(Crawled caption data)

-*-

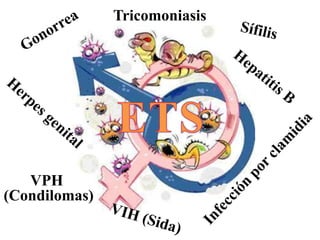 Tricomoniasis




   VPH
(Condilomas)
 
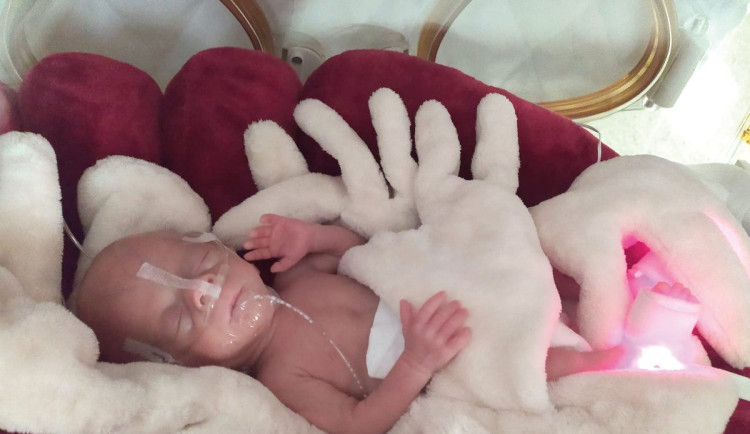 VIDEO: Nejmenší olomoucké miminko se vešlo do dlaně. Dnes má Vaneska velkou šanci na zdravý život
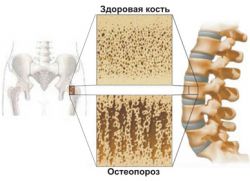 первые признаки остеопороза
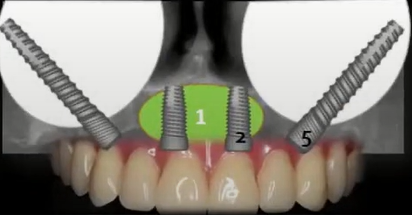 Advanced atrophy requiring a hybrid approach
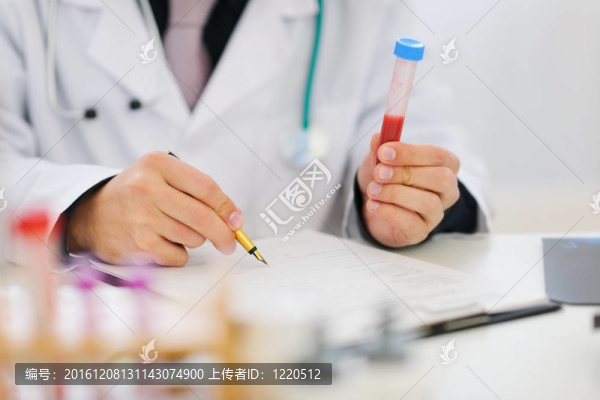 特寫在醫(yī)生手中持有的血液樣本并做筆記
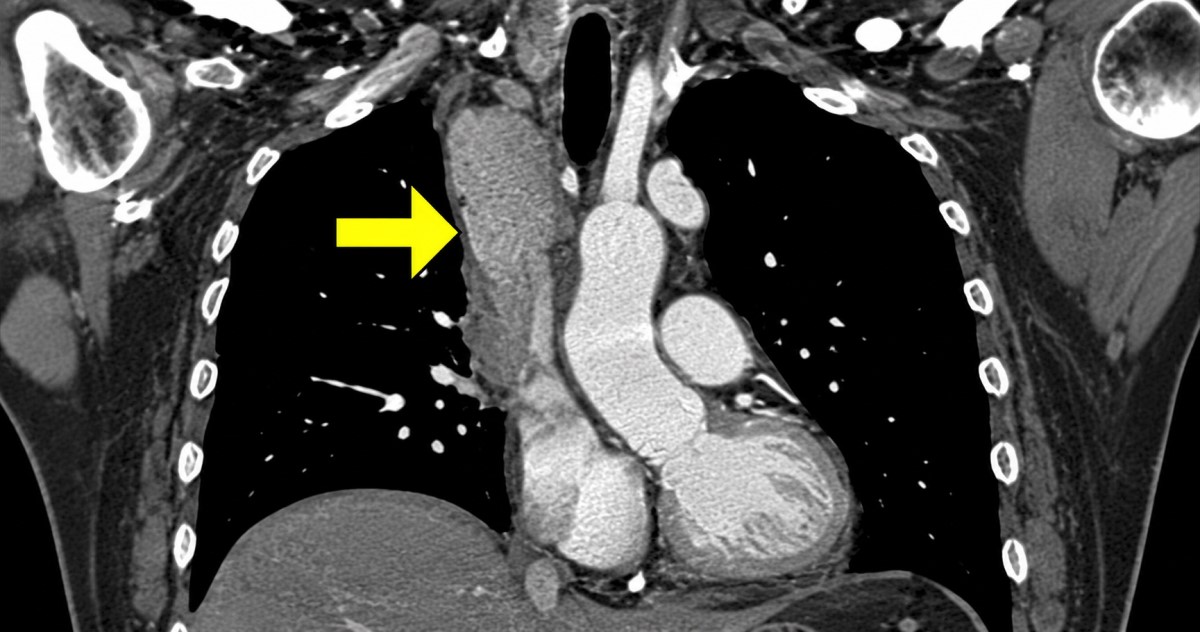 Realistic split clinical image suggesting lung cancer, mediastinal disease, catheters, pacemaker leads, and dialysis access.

-*-

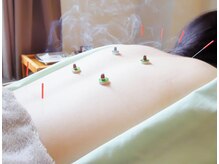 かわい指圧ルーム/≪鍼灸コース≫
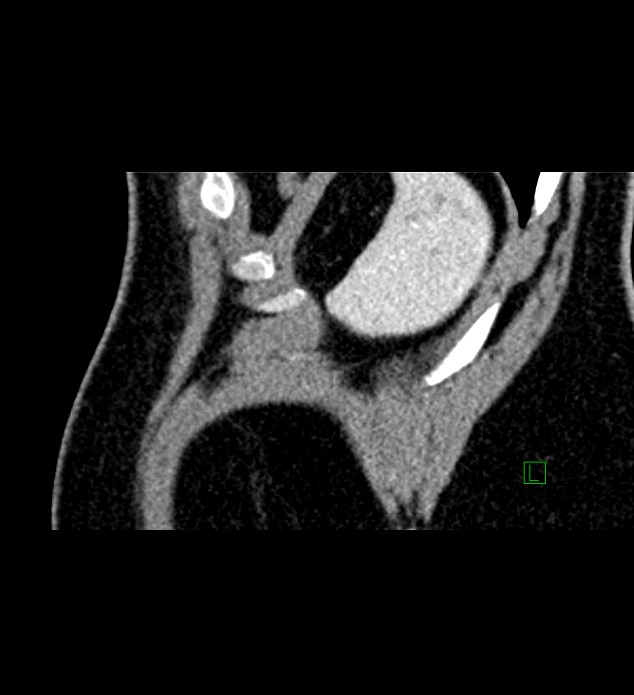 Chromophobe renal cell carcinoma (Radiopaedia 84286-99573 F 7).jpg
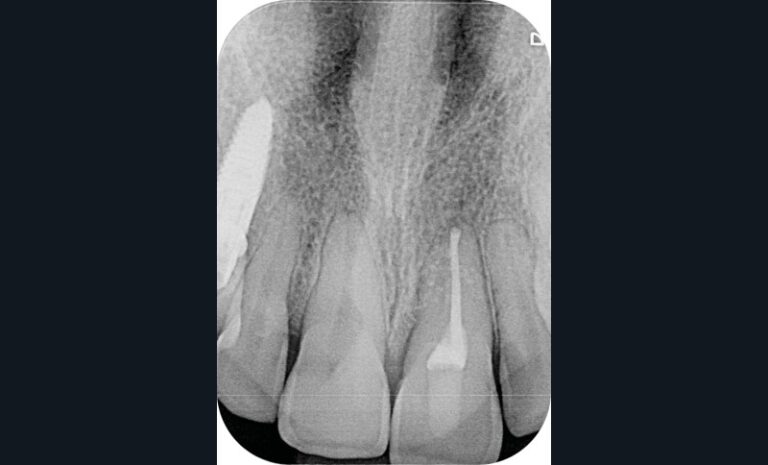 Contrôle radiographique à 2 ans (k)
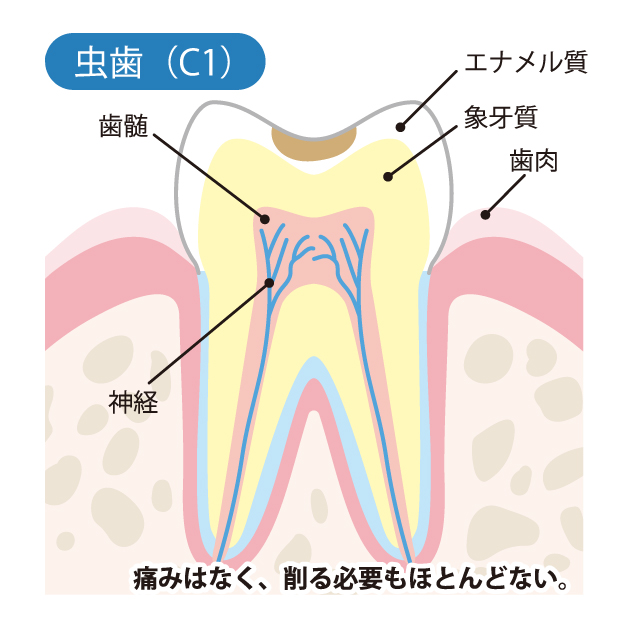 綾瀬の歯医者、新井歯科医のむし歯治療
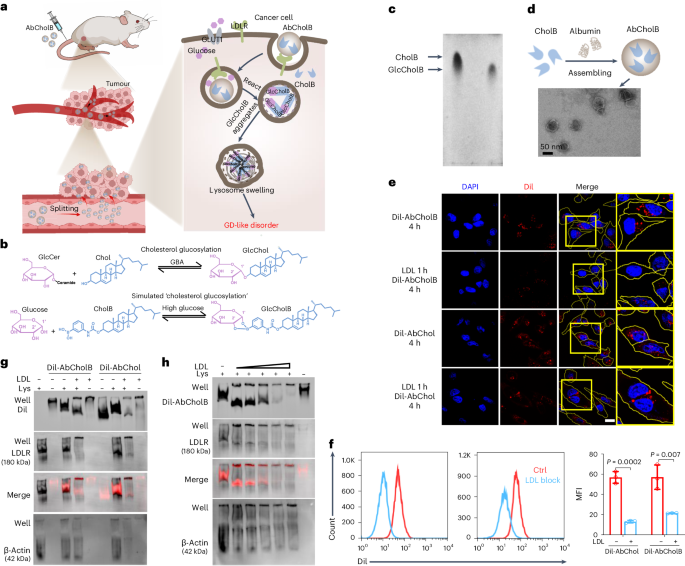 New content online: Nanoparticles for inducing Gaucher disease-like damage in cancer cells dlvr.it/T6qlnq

-*-

- EXERCISE:
From the records above, give again only the part that opens with the line containing "первые признаки остеопороза" and closes with the line containing "Realistic split clinical". Keep both ends but drop the pictures.

- ANSWER SPACE:
 первые признаки остеопороза
 Advanced atrophy requiring a hybrid approach
 特寫在醫(yī)生手中持有的血液樣本并做筆記
 Realistic split clinical image suggesting lung cancer, mediastinal disease, catheters, pacemaker leads, and dialysis access.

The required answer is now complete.